中学入試の問題がおもしろすぎる!
大学入試改革の影響で「思考力」をはかる方向に
東京と神奈川で本日解禁の私立中学入試! そのユニークな問題の裏にあるねらいとは?
◆思考の道筋を示すことが大事
さて、設問は全部で四つ。いかに受験生の創造的思考力をはかろうとしているか、問いの“流れ”に注目して見ていきましょう。
問1は、「現在、私たちは『ジュース』『切符』など様々なものを自動販売機で買うことができます。その他に、どのようなものを買うことができますか。3つ以上あげましょう。」というもの。受験生が今すでに持っている知識を引き出す問いです。
次に問2では、「問1であげたものが売られている自動販売機は、どのような場所にありますか。また、だれが、いつ利用しますか。具体的な場面を想像して書きましょう。」というお題を出しています。ここでは、一度引き出された知識を整理して分析させています。
そして問3は、「問1、問2であげたもの以外に、もし、あなたが何かを自動販売機で売るとすれば、何を売りますか。それはなぜですか。少なくとも1つは答えること。」というもの。ここで初めて、今持っている知識や情報をもとに、「もし自分だったらどうするか」という創造力を要する問題を出しています。問2で使用した解答欄と同じフォーマットで箇条書きに近いので、問2がきちんと書けていれば答えやすいのではないでしょうか。

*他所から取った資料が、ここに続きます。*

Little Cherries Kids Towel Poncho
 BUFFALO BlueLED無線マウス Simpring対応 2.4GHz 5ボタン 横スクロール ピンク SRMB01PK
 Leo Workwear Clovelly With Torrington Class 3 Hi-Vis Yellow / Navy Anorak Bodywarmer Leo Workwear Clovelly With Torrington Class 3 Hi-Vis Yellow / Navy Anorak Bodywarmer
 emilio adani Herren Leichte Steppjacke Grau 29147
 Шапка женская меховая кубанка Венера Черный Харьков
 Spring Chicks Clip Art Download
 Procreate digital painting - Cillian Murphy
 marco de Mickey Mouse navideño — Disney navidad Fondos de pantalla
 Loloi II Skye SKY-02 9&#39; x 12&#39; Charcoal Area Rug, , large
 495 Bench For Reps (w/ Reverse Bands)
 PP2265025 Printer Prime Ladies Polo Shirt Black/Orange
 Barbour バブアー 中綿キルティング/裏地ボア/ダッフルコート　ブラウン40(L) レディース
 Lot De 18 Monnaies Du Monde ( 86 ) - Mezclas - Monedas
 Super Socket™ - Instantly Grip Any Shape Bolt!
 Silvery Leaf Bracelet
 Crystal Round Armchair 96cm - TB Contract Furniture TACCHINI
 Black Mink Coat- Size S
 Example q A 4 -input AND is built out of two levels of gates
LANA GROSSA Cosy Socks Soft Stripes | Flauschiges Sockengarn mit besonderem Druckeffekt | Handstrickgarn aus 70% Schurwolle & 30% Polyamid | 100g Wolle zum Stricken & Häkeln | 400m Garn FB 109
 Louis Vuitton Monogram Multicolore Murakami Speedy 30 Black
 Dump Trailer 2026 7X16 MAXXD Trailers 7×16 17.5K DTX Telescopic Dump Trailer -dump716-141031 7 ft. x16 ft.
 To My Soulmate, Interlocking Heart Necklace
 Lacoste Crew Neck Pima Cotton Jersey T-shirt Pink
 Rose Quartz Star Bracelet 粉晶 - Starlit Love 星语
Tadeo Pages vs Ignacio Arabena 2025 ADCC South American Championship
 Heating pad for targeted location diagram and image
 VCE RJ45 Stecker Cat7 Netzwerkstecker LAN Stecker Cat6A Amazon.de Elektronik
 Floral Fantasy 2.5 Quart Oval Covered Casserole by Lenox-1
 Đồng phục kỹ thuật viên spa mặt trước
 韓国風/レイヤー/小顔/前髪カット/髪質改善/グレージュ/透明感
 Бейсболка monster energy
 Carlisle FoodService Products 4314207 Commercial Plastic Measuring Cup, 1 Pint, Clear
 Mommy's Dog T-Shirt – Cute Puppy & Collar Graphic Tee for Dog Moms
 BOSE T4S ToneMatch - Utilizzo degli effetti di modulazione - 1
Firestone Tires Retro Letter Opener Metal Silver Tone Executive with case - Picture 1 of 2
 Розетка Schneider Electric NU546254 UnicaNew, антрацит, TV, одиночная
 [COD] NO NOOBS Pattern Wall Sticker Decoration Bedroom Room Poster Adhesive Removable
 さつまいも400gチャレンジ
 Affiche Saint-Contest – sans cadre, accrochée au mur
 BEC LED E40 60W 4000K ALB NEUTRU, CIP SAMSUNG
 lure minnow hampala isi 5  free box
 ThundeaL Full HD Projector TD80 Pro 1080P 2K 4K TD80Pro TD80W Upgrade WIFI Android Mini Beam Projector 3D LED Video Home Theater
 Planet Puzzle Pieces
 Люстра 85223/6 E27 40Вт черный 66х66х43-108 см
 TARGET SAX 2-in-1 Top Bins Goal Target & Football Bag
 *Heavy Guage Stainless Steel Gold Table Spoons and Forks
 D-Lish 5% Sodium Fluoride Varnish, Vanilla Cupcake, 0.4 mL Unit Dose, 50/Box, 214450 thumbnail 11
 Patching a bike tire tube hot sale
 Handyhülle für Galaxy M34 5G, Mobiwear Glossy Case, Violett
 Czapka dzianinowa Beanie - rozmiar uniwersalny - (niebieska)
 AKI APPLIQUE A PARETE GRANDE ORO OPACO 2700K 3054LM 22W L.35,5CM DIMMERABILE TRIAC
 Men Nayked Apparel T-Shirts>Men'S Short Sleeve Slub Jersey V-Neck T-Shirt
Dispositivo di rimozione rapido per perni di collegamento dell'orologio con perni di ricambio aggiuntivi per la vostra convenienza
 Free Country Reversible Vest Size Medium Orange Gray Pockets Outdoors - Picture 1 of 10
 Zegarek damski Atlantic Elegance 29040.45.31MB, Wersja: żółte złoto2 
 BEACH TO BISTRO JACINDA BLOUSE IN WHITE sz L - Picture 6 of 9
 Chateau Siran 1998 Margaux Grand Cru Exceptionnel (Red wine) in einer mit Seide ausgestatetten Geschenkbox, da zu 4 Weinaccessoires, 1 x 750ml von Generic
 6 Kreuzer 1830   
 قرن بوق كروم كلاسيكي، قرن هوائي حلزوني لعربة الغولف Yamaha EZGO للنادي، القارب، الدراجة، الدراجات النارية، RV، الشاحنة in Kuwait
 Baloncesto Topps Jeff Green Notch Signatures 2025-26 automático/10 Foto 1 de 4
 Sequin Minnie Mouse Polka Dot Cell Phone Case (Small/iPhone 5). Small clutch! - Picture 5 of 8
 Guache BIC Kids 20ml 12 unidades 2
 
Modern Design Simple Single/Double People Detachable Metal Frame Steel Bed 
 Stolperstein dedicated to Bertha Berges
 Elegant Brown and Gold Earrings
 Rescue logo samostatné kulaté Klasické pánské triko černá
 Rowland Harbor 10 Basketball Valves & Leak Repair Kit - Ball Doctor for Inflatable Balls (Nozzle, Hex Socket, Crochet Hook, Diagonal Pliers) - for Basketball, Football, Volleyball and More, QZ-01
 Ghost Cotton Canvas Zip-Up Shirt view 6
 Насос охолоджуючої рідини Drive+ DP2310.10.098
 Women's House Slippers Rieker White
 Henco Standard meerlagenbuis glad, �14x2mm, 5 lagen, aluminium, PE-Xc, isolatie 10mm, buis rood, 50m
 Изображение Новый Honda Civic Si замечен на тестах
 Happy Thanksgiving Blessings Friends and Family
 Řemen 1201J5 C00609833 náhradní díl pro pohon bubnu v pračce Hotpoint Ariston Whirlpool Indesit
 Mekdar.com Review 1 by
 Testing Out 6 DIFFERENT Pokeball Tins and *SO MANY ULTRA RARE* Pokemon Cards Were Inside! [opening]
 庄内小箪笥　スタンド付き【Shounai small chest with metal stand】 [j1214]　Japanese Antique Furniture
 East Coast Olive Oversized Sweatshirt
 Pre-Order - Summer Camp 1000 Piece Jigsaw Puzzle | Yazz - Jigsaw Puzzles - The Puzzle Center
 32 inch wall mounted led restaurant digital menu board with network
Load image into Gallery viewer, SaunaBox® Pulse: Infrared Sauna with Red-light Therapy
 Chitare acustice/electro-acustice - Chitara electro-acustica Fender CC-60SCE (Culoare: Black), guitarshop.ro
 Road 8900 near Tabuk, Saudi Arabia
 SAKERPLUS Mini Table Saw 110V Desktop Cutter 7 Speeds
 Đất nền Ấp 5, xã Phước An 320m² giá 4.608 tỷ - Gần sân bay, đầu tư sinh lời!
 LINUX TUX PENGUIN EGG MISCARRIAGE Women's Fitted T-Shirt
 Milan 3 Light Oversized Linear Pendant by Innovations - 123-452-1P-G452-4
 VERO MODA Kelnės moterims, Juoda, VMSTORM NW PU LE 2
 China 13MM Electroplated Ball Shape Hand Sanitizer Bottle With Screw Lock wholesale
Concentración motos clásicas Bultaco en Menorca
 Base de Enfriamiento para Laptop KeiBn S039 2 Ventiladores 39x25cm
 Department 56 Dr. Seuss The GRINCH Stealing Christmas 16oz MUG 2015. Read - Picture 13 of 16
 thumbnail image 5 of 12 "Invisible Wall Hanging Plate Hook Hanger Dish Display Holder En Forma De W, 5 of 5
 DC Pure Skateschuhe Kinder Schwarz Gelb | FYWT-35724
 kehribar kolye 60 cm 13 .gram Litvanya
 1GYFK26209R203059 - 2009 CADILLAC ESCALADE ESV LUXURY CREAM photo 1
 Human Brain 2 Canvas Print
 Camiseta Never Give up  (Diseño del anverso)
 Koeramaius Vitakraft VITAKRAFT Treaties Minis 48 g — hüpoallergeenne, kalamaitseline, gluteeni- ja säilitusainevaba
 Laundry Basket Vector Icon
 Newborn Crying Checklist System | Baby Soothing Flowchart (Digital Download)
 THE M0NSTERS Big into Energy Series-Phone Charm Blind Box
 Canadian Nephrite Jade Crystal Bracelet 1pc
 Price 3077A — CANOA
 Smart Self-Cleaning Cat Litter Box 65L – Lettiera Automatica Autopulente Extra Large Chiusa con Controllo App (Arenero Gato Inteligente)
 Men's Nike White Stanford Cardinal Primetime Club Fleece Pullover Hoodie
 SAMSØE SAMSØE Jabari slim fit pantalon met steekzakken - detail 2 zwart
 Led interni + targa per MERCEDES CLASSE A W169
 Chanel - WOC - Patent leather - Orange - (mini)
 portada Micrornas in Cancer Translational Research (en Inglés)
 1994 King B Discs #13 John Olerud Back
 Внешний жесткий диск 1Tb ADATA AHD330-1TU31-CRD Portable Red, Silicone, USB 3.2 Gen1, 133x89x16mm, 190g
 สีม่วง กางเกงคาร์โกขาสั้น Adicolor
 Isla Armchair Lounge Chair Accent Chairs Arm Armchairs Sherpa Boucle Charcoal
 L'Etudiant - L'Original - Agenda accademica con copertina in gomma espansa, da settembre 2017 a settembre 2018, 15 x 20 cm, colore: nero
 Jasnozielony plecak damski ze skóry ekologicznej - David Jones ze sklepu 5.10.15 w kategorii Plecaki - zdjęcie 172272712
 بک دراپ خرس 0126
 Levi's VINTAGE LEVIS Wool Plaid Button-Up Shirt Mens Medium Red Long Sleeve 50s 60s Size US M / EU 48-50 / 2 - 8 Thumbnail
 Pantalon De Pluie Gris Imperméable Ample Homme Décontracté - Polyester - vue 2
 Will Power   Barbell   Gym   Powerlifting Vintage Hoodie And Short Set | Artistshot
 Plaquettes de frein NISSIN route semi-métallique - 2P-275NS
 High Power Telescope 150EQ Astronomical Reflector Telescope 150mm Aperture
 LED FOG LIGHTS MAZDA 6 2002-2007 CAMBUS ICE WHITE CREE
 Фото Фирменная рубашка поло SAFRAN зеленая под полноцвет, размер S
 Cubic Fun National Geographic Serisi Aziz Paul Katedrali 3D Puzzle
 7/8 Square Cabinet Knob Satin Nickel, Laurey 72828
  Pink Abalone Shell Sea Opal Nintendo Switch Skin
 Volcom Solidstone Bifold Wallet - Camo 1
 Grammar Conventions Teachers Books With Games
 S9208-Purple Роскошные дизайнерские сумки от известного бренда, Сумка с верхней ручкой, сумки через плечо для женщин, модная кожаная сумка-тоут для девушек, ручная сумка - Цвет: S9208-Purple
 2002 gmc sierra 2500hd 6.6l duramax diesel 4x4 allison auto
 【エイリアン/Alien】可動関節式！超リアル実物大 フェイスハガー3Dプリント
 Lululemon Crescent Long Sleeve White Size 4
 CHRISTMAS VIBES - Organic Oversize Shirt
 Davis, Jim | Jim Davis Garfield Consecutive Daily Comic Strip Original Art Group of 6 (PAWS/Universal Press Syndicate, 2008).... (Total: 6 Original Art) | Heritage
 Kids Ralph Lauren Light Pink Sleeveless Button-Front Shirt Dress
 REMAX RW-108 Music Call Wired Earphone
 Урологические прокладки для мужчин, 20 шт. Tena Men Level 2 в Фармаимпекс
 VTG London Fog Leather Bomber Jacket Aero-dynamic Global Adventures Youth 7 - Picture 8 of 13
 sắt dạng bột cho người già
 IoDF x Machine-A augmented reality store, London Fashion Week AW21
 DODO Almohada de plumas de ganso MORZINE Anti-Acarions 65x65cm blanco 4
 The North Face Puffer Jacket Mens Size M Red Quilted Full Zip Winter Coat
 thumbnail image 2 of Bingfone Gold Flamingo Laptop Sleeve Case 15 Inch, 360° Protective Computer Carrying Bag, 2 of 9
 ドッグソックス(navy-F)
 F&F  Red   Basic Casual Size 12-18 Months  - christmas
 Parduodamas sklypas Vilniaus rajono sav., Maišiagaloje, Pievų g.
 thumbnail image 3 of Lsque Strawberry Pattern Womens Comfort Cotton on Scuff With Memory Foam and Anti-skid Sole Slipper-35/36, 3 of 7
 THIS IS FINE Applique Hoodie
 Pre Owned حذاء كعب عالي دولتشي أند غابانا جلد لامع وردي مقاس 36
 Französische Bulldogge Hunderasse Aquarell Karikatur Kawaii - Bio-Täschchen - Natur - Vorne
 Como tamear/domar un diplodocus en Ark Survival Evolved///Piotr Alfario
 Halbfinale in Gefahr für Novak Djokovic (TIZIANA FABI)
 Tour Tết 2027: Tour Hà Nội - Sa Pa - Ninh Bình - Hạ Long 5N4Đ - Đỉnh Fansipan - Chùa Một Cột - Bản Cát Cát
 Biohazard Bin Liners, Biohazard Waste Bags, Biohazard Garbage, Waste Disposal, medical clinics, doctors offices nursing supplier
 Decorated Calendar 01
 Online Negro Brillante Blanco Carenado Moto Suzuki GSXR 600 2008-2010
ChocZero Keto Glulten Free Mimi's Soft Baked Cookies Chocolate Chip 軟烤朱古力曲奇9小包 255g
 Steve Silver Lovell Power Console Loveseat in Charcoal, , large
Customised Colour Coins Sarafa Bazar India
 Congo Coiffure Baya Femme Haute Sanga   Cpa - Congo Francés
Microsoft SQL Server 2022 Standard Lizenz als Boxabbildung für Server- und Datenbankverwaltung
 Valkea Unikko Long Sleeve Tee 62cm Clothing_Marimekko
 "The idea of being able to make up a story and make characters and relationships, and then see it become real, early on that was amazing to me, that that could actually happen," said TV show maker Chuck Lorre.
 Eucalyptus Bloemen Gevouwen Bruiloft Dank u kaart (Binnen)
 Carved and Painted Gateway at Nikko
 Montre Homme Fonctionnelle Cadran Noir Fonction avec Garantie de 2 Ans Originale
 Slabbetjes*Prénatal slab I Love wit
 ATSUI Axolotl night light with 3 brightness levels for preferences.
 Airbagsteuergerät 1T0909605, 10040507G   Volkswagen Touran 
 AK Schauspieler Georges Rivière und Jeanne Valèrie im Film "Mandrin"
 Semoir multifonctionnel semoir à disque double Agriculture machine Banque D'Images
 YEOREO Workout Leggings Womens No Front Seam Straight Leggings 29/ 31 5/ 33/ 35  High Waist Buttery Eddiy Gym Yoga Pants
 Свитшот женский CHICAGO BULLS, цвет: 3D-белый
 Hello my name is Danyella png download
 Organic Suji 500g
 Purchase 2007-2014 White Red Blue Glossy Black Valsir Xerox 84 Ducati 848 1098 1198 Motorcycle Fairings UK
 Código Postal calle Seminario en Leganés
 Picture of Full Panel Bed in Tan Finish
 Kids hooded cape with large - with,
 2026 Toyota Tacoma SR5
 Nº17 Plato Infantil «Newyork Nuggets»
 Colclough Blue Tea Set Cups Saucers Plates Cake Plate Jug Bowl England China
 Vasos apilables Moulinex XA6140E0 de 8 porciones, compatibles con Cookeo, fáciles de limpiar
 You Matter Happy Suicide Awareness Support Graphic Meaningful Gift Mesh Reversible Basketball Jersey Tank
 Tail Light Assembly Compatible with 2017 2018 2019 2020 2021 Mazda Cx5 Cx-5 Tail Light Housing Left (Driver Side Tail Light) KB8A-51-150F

最後に問4。「より良い社会のために、あなたがこれから新しい自動販売機をつくるなら、どのような自動販売機をつくりますか。また、なぜそう考えましたか。理由も含めて200字以内で書きましょう。なお、問3で考えたものを使ってもかまいません。」とあります。問3までの解答を踏まえて、自分の意見を文章にしてもらいます。
問1で知識を引き出し、問2でそれを整理、問3で自分の考えを出して、問4でそれをまとめる。受験生に一番聞きたいことは問4にあるのですが、わざわざ創造的思考をするための道筋を出題者側が示していることが、この問題のポイントなのです。